One piece of this processing is always about the fact that not all walls need to be torn down. As a matter of fact, sometimes a wall needs to be built for safety. Some people simply are not healthy enough to be in a relationship without hurting others. We work to learn how to either build or tear down walls in a healthy way.
All high elements and low elements in the ropes course are done using the “framing the metaphor” process. The 12 high elements require a belay system: climbing harness, rope, belay pulley on the cable, belayer on the ground with two backup people. Low elements and initiatives do not require belaying. Technically the Wall is a low element, but we use a loose belay system for extra safety without lowering the intensity of the challenge.

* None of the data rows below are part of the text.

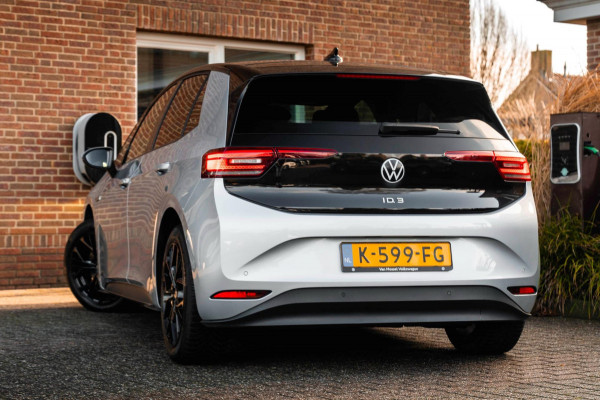 Volkswagen ID.3 Business 58 kWh PRO Adaptive IQ Light Sfeer Camera Stoelverwarming LED 18''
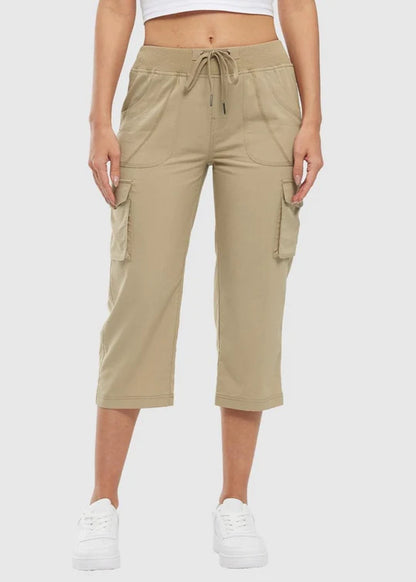 Women’s Lightweight Cargo Capri Pants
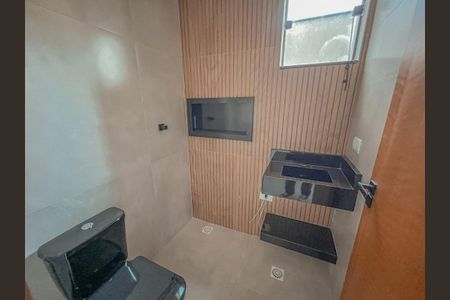 Casa à venda com 50m², 2 quartos e 2 vagas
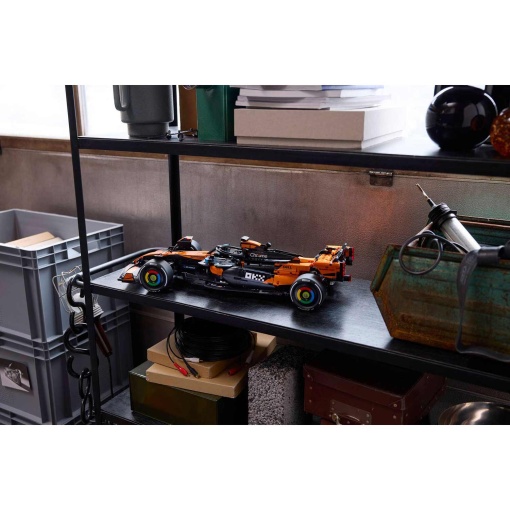 LEGO Technic McLaren MCL39 F1 car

The second venue is off-campus Friday Adventure Day. We call it Replacement Therapy because we are taking the clients off campus for exciting outdoor adventures in our beautiful state. Arkansas really is a sporting paradise. Capstone’s campus lies in the rolling foothills of the Ozarks to the northwest. Many wonderful outdoor adventures are readily available. Clients may go in small groups to fish for trout in the Little Red River, where the world record German brown trout (40-plus lb.) was caught a few years ago. Sometimes they fish in Greer’s Ferry Lake, home of the Arkansas state record walleye (22 lb. 11 oz.), or the White River, home of the state record rainbow trout (19 lb. 1 oz.). Other activities include rock climbing, caving, kayaking and canoeing (Spring River, Little Red River), trail biking, and hiking.
Our goal is to help the clients learn how to do some of these activities and have the ability to continue them after graduation, displacing old behaviors that were not healthy.